In addition to the background that devices on market may still need 
OpRegion 2.0 support in vfio-pci, do you have other comments to the patch 
body?

On Tue, 17 Aug 2021, Colin Xu wrote:

> On Mon, 16 Aug 2021, Alex Williamson wrote:
>
>>  On Fri, 13 Aug 2021 10:13:29 +0800
>>  Colin Xu <colin.xu@intel.com> wrote:
>>
>>>  Due to historical reason, some legacy shipped system doesn't follow
>>>  OpRegion 2.1 spec but still stick to OpRegion 2.0, in which the extended
>>>  VBT is not contigious after OpRegion in physical address, but any
>>>  location pointed by RVDA via absolute address. Thus it's impossible
>>>  to map a contigious range to hold both OpRegion and extended VBT as 2.1.
>>>
>>>  Since the only difference between OpRegion 2.0 and 2.1 is where extended
>>>  VBT is stored: For 2.0, RVDA is the absolute address of extended VBT
>>>  while for 2.1, RVDA is the relative address of extended VBT to OpRegion
>>>  baes, and there is no other difference between OpRegion 2.0 and 2.1,
>>>  it's feasible to amend OpRegion support for these legacy system (before
>>>  upgrading the system firmware), by kazlloc a range to shadown OpRegion
>>>  from the beginning and stitch VBT after closely, patch the shadow
>>>  OpRegion version from 2.0 to 2.1, and patch the shadow RVDA to relative
>>>  address.

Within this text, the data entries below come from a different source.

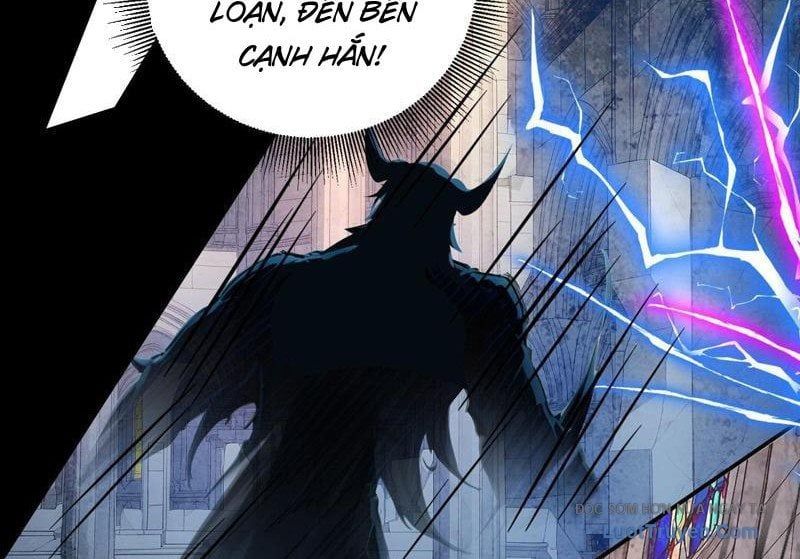Toàn Dân Thần Vương: Tôi Hiến Tế Nghìn Tỷ Sinh Linh! - Chapter 129 - Page 75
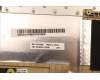Lenovo 5CB1J19768 COVER Upper Case ASM_TC L82V7 NFPSD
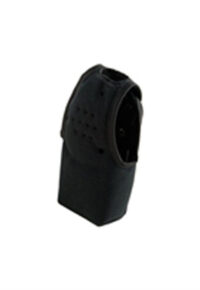 Carrying - Case - IC-NCF14 CLIP
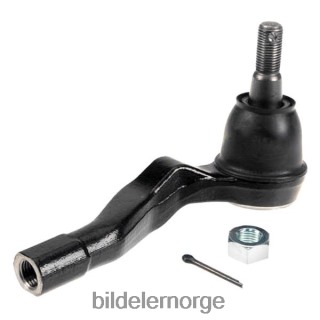 Amerikanske bildeler Norge - Infiniti 48640-am625 stagende 2LD2HJ798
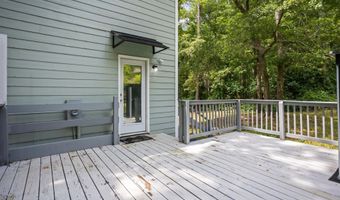 746 Madera Rd, Batesburg Leesville, SC 29006
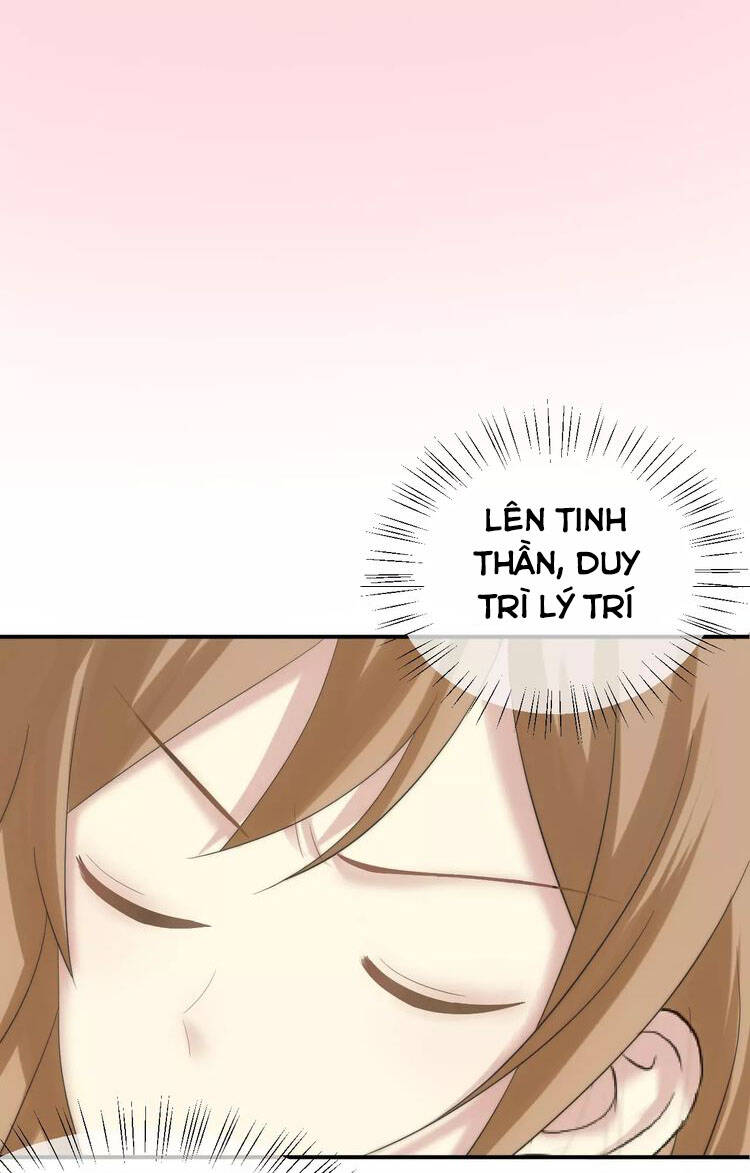 Thần Tượng Điểm Zero: Chapter 100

So that from the vfio igd OpRegion r/w ops view, only OpRegion
>>>  2.1 is exposed regardless the underneath host OpRegion is 2.0 or 2.1
>>>  if the extended VBT exists. vfio igd OpRegion r/w ops will return either
>>>  shadowed data (OpRegion 2.0) or directly from physical address
>>>  (OpRegion 2.1+) based on host OpRegion version and RVDA/RVDS. The shadow
>>>  mechanism makes it possible to support legacy systems on the market.
>>
>>  Which systems does this enable?  There's a suggestion above that these
>>  systems could update firmware to get OpRegion v2.1 support, why
>>  shouldn't we ask users to do that instead?  When we added OpRegion v2.1
>>  support we were told that v2.0 support was essentially non-existent,
>>  why should we add code to support and old spec with few users for such
>>  a niche use case?
> Hi Alex, there was some mis-alignment with the BIOS owner that we were told 
> the 2.0 system doesn't for retail but only for internal development. However 
> in other projects we DO see the retail market has such systems, including NUC 
> NUC6CAYB, some APL industrial PC used in RT system, and some customized APL 
> motherboard by commercial virtualization solution. We immediately contact the 
> BIOS owner to ask for a clarification and they admit it. These system won't 
> get updated BIOS for OpRegion update but still under warranty. That's why the 
> OpRegion 2.0 support is still needed.
>
>> 
>>> Cc:  Zhenyu Wang <zhenyuw@linux.intel.com>
>>> Cc:  Hang Yuan <hang.yuan@linux.intel.com>
>>> Cc:  Swee Yee Fonn <swee.yee.fonn@intel.com>
>>> Cc:  Fred Gao <fred.gao@intel.com>
>>>  Signed-off-by: Colin Xu <colin.xu@intel.com>
>>>  ---
>>>   drivers/vfio/pci/vfio_pci_igd.c | 117 ++++++++++++++++++++------------
>>>   1 file changed, 75 insertions(+), 42 deletions(-)
>>>
>>>  diff --git a/drivers/vfio/pci/vfio_pci_igd.c
>>>  b/drivers/vfio/pci/vfio_pci_igd.c
>>>  index 228df565e9bc..22b9436a3044 100644
>>>  --- a/drivers/vfio/pci/vfio_pci_igd.c
>>>  +++ b/drivers/vfio/pci/vfio_pci_igd.c
>>>  @@ -48,7 +48,10 @@ static size_t vfio_pci_igd_rw(struct vfio_pci_device
>>>  *vdev, char __user *buf,
>>>   static void vfio_pci_igd_release(struct vfio_pci_device *vdev,
>>>   				 struct vfio_pci_region *region)
>>>  {
>>>  -	memunmap(region->data);
>>>  +	if (is_ioremap_addr(region->data))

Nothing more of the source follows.